# Probability of real roots for $x^2 + Bx + C = 0$ [duplicate]

Question: The numbers $B$ and $C$ are chosen at random between $-1$ and $1$, independently of each other. What is the probability that the quadratic equation $$x^2 + Bx + C = 0$$ has real roots? Also, derive a general expression for this probability when B and C are chosen at random from the interval $(-q, q)$ for and $q>0$.

My approach: since we're trying to find the probability of real roots. We should first realize when it has imaginary roots. So, $$B^2 - 4aC < 0$$ $$a = 1$$ $$B^2 < 4C$$ I'm not sure where to go from here. How do I now find the probability of $B$ being greater than $4C$?
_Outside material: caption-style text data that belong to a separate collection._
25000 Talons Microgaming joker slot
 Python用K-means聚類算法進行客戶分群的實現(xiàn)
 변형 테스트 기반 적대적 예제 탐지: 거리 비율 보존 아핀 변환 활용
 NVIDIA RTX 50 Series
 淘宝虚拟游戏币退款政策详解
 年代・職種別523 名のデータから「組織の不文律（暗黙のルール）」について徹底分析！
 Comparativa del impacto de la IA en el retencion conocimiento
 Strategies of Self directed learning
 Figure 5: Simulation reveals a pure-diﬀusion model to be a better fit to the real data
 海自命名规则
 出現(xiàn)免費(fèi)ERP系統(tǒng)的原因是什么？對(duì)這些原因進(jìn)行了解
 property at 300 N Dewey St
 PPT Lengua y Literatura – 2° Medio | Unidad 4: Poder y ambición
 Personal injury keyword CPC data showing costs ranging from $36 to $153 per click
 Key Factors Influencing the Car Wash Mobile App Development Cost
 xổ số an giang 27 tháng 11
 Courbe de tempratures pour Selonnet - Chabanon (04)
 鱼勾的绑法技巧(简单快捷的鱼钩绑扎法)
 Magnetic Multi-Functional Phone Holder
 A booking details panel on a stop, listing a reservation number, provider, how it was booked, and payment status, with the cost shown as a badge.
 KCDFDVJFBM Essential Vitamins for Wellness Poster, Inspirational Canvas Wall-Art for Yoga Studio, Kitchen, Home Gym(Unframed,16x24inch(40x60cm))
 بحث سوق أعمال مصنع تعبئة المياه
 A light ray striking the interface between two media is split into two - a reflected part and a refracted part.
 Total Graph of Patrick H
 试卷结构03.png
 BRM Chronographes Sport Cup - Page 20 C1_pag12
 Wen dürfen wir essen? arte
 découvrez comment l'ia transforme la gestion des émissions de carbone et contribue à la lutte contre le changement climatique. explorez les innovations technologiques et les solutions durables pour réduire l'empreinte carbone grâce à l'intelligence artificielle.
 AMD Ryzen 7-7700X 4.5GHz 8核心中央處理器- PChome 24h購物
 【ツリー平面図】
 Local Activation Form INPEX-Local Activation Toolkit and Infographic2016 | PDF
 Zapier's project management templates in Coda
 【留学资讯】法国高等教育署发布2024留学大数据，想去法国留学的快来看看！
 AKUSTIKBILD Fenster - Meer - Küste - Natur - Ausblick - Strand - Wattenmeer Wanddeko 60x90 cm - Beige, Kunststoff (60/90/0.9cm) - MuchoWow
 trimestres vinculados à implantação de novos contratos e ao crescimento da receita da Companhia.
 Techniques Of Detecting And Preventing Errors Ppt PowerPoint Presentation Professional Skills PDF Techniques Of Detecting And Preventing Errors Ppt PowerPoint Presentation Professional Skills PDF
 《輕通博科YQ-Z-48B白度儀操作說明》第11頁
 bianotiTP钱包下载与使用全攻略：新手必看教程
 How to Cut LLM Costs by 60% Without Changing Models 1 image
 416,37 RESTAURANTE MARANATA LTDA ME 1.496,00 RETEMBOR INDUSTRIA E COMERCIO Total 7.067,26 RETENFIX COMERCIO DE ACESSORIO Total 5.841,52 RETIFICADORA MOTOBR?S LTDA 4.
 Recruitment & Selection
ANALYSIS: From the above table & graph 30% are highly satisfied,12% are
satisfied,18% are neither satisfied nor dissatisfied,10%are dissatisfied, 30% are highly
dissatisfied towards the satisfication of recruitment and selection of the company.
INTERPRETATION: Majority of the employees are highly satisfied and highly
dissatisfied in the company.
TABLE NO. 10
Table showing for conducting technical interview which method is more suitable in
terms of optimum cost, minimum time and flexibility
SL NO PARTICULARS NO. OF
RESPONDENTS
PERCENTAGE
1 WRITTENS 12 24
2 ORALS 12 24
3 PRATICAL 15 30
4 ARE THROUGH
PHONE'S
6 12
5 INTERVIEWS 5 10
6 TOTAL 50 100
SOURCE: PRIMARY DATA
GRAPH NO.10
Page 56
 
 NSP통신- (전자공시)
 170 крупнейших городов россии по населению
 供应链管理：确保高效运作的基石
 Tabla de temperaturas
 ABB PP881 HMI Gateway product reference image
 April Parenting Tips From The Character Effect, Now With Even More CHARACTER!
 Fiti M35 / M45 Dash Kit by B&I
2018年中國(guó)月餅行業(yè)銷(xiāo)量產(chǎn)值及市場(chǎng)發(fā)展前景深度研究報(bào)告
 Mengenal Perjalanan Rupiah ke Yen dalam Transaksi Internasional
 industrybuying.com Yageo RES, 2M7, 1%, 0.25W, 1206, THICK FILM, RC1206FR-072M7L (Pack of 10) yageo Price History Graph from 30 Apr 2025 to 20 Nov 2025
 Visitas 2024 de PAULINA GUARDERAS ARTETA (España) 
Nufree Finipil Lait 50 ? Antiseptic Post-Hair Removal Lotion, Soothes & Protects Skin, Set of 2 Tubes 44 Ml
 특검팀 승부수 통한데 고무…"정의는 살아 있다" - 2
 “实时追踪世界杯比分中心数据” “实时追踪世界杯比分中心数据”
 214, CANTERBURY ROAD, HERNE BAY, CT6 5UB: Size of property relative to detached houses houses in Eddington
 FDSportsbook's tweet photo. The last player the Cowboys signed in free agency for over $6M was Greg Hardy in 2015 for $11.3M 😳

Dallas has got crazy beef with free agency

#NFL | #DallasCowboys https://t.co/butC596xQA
## marked as duplicate by grand_chat, Lord Shark the Unknown, user91500, Adrian Keister, MicahSep 1 '18 at 16:08

This question has been asked before and already has an answer. If those answers do not fully address your question, please ask a new question.

• Look at the square in the $(B,C)$ plane with vertices $(\pm1,\pm1)$, and work out the area of the pieces the curve $B^2=4C$ divides it into. – Lord Shark the Unknown Aug 31 '18 at 15:40
• By calculating the area defined by this inequality on the $(B,C)$-plane. – MigMit Aug 31 '18 at 15:40
• @user170231 In that problem all three coefficients become uniform, so after we divide out the leading coefficient those that remain have ratio distributions very different from the ones used in this problem. – J.G. Aug 31 '18 at 17:30

## 1 Answer

I assume you mean that $$B,\,C\sim U(-1,\,1)$$. We'll get the answer as a function of a fixed value for $$C$$, then average it out. For $$C<0$$ (which has probability $$1/2$$), the result is $$0$$; for $$C> 1/4$$ (which has probability $$3/8$$), the result is $$1$$; for $$0\le C\le\frac{1}{4}$$ (which has probability $$\frac{1}{8}$$), the condition $$-2\sqrt{C}\le B\le 2\sqrt{C}$$ has probability $$4\sqrt{C}$$. So the final result is $$\frac{3}{8}+\frac{1}{8}\int_0^{1/4} 4\sqrt{C}dC=\frac{3}{8}+\frac{1}{3}\bigg(\frac{1}{4}\bigg)^{3/2}=\frac{5}{12}.$$

Edit: the above is the probability of non-real complex roots; the probability of real roots is $$1-\frac{5}{12}=\frac{7}{12}$$.